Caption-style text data
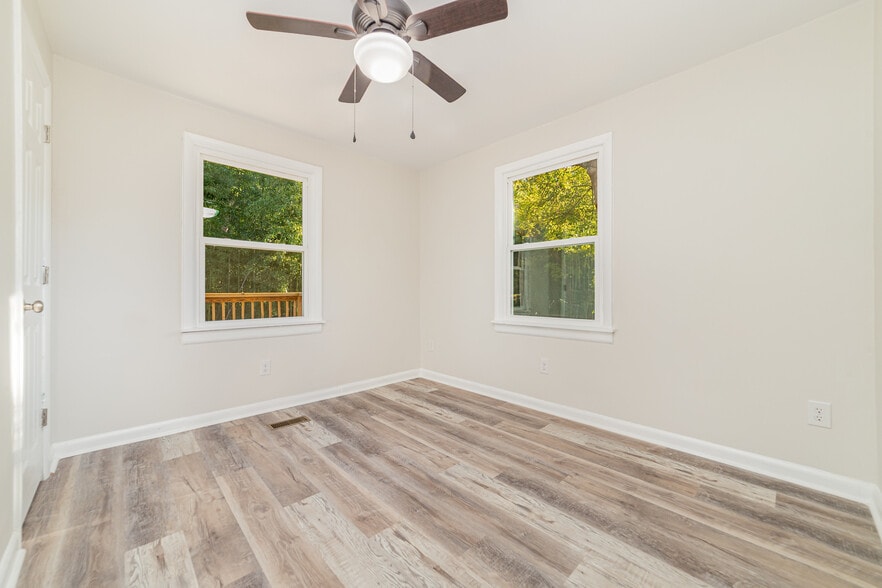 Building Photo - 211 Putnam St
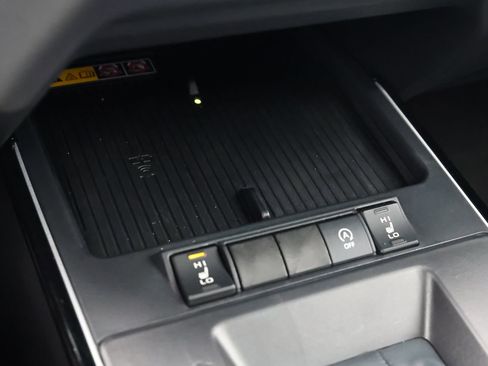 Used 2026 Toyota Corolla Cross XLE FWD image 21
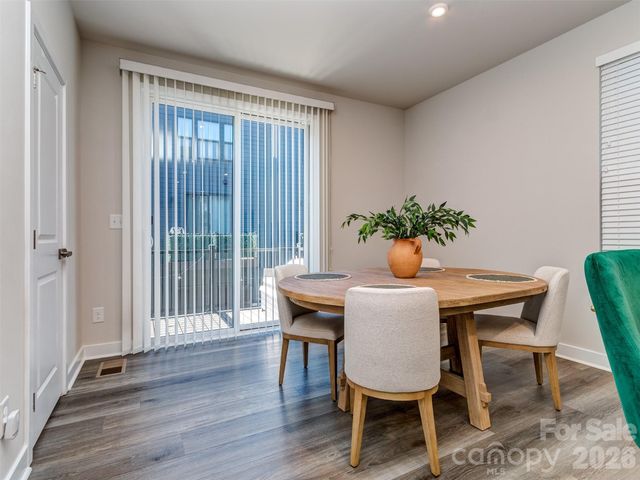 1033 Simcoe Lane, Charlotte, NC 28217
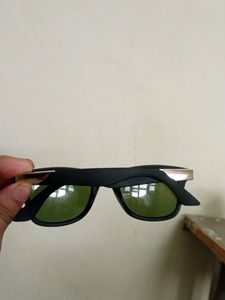 Sunglass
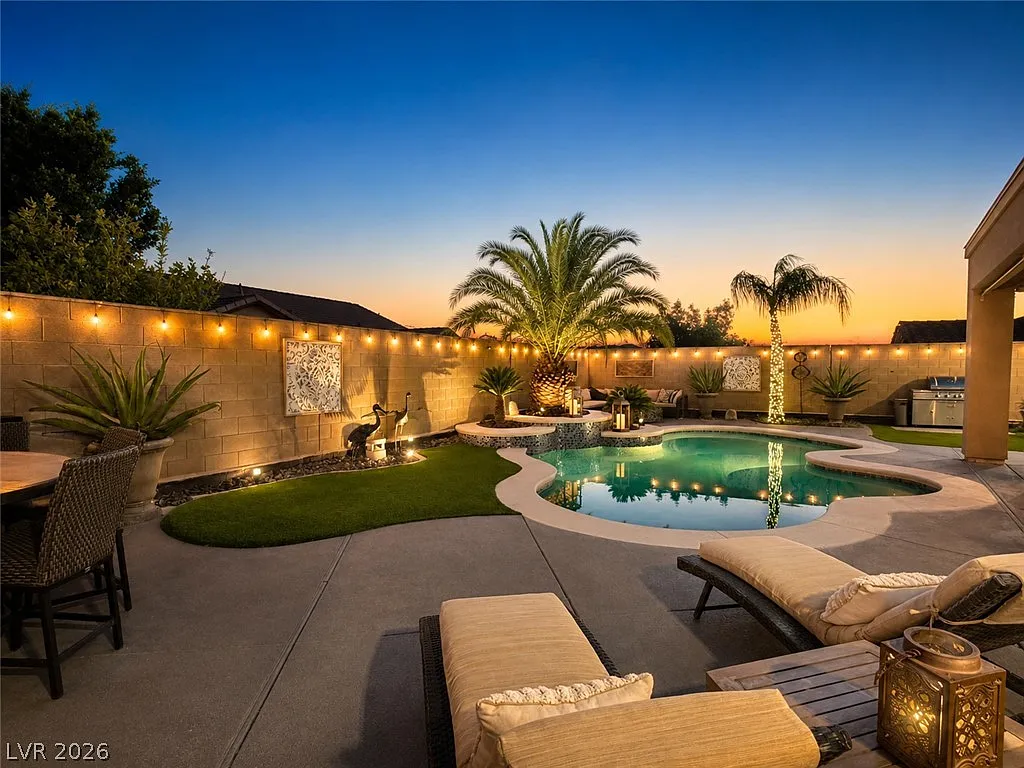 3 bed, 2.5 bath, 2661 sqft, $5,000 — Photo 1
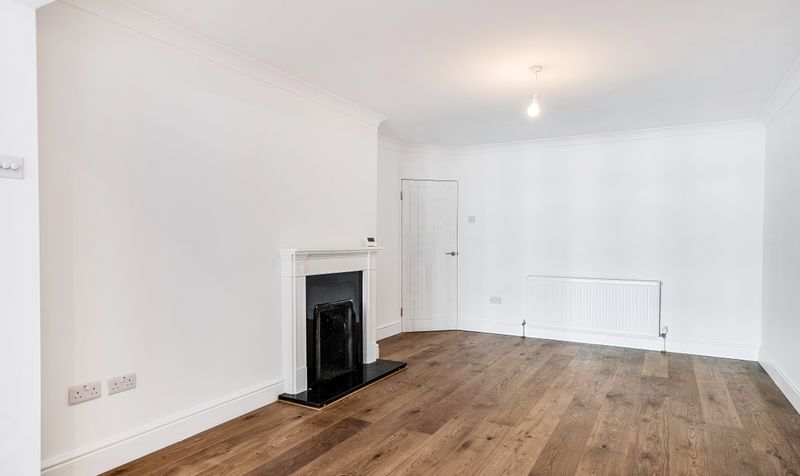 London Road, Ewell, KT17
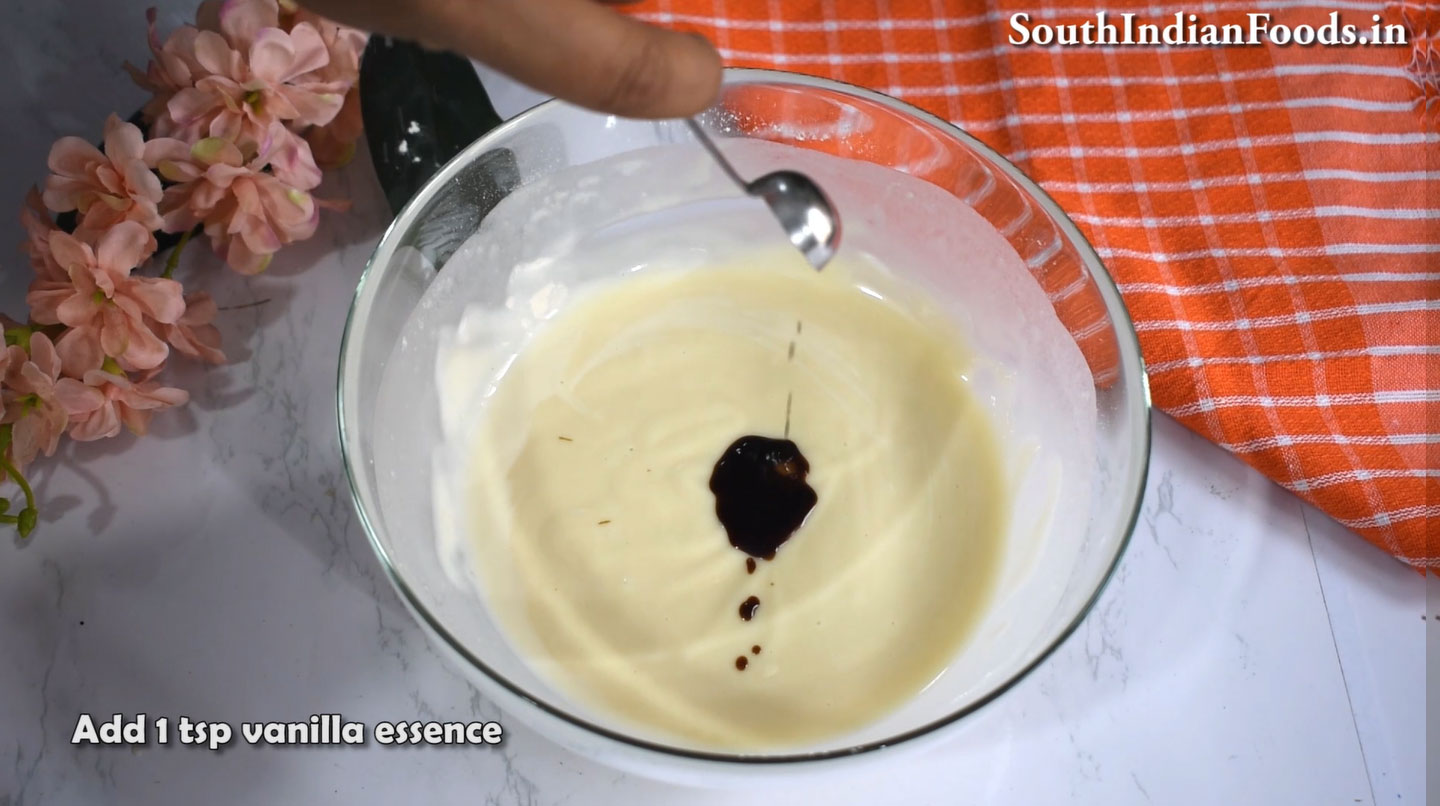 Eggless condensed milk cupcake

- **YOUR ASSIGNMENT**
Beginning at the line with "3 bed, 2.5 bath, 2661 sqft, $5,000 — Photo 1", reproduce each line exactly through the last line of the records above, with pictures left out.

- **EXERCISE SOLUTION**
 3 bed, 2.5 bath, 2661 sqft, $5,000 — Photo 1
 London Road, Ewell, KT17
 Eggless condensed milk cupcake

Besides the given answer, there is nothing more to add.